Here is a good CNN article on when the IRS can tax you: http://money.cnn.com/2011/04/15/real_estate/taxes_mortgage_debt/index.htm


MORTGAGE RATES RISING:  Mortgage rates are controlled by the secondary bond market.  Over the past 1-2 weeks we have seen rates increasing due to dropping bond prices.  Most indicators see the market as bearish and that this drop and rise in rates could continue. 


FHA MORTGAGE INSURANCE INCREASING ON APRIL 18th:  On April 18th, FHA will be increasing the monthly mortgage insurance on all of it’s products.  In order for a customer to qualify off the old mortgage insurance plan, they must have a new FHA case number pulled by Friday.  It usually takes a day to pull, so I would recommend doing this by Thursday.  Below is what the changes are:

Loan Period Greater Than 15 Years:

(Current) Loan to value 95% and below:    Mortgage insurance of .85% 

(New) Loan to value 95% and below:    Mortgage insurance of 1.1%

(Current) Loan to value 95.01% and above:    Mortgage insurance of .9% 

(New) Loan to value 95.01% and above:    Mortgage insurance of 1.15%

Loan Period Less Than or Equal to 15 Years:

(Current) Loan to value 90% and below:    Mortgage insurance is 0%

(New) Loan to value 90% and below:    Mortgage insurance of .25%

(Current) Loan to value 90.01% and above:    Mortgage insurance of .25% 

(New) Loan to value 90.01% and above:    Mortgage insurance of 5%

What this means for consumers:  Basically your payment will be going up by 20.84 for every $100,000 of loan amount.  This is a big change – I would definitely recommend consumers looking to purchase a home soon to get their FHA case number pulled now.  I would also recommend consumers in existing FHA loans looking to streamline refinance to get this pulled now. 

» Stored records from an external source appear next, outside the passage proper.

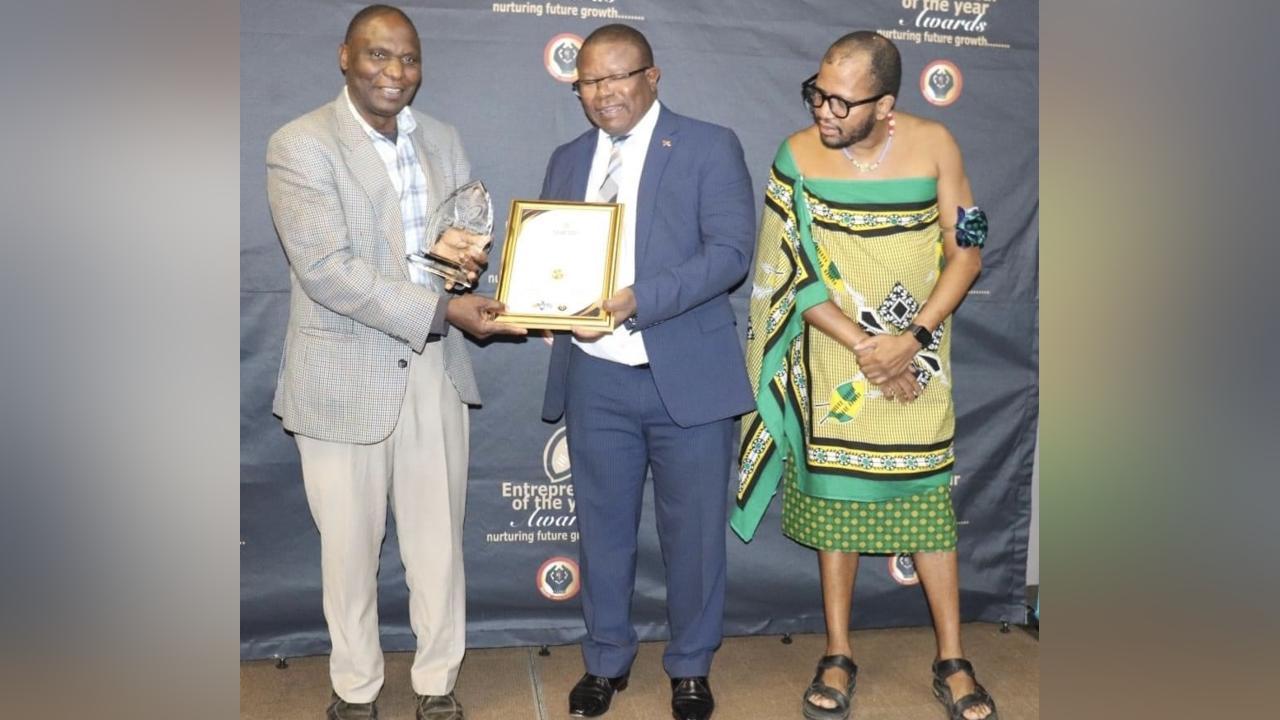 Pragmatic Wooden Things Director Nkululeko Simelane crowned as Shiselweni Regional Entrepreneur of the Year Winner Pragmatic Wooden Things Director Nkululeko Simelane crowned as Shiselweni Regional Entrepreneur of the Year Winner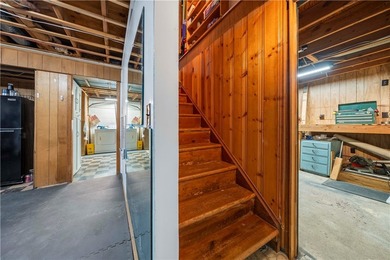 Welcome to 18 Chester Avenue! This beautifully maintained - photo 21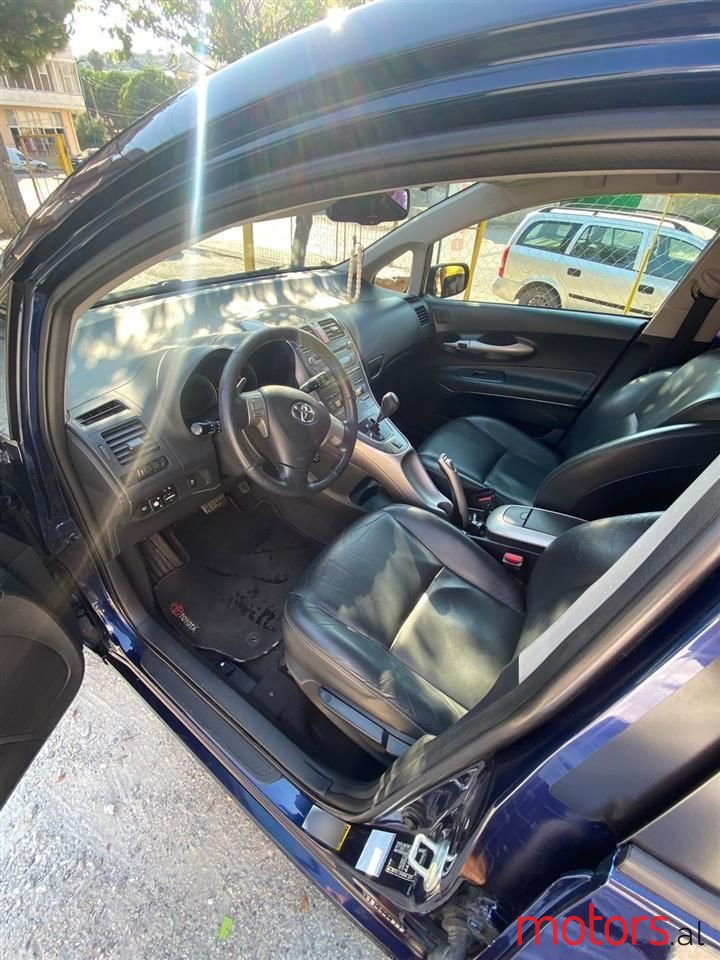 2009' Toyota Auris photo #4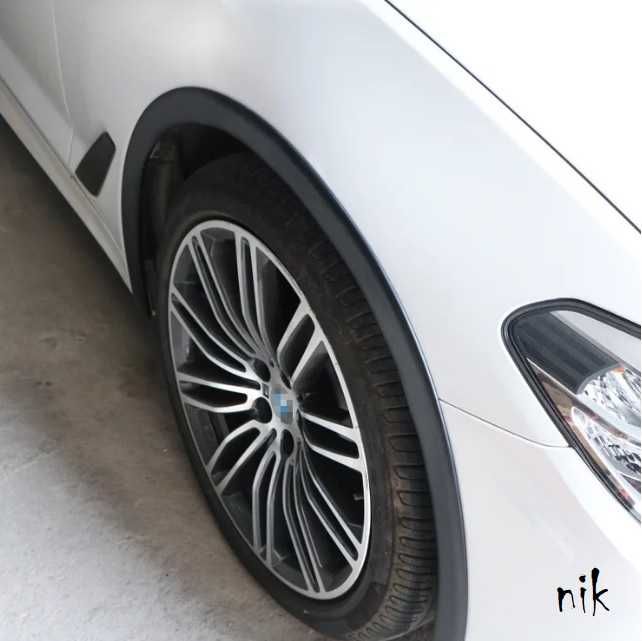 Гумові накладки на колісні арки, крила авто 1,5м універсальні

4 DAYS UNTIL NEW REGULATION Z GOES INTO EFFECT:  If you want to start a new loan and not be affected by the new regulations, you must have  your credit pulled and your loan registered with a lender before April 1st.  The new rule states that a loan officer can not be compensated by the terms of the loan – this means less options and fixed revenue for every loan regardless of the borrower situation. 

RATES RISE:  Right after the Japan tragedy, rates went down a lot.  Since then, we have seen a rebound in the stock market and rates have worsened 7 days straight.  You could get a 4.75% 10 days ago with 0 points, now you have to pay discount fees and origination fees to get that rate.  4.875% is the new par rate on 30 year fixed.  Below is some informatiom from www.tbwsratealert.com that explains the situation:

More selling in the rate markets this morning; as we have noted recently interest rates are headed higher after all the safety moves triggered by Japan’s problems. The stock market took a heavy hit on panic selling over Japan but is now trading better than prior to the earthquakes and tsunami. Interest rates also higher than prior to the issues.

ARMS:  I still suggest people trying to lower their payment with good existing 30 year fixed rates look at ARM loans.  There are 5/1 ARMs , 7/1 ARMS and 10/1 ARMS – all with substantially lower rates than a 30 year fixed.  Even if you plan on staying in your home for the long haul, you can save 15-20,000 over a 5-10 year span with these type of loans.  7 to 10 years is a long time – if you are still in your home you can always refinance to a 15 or 20 year fixed.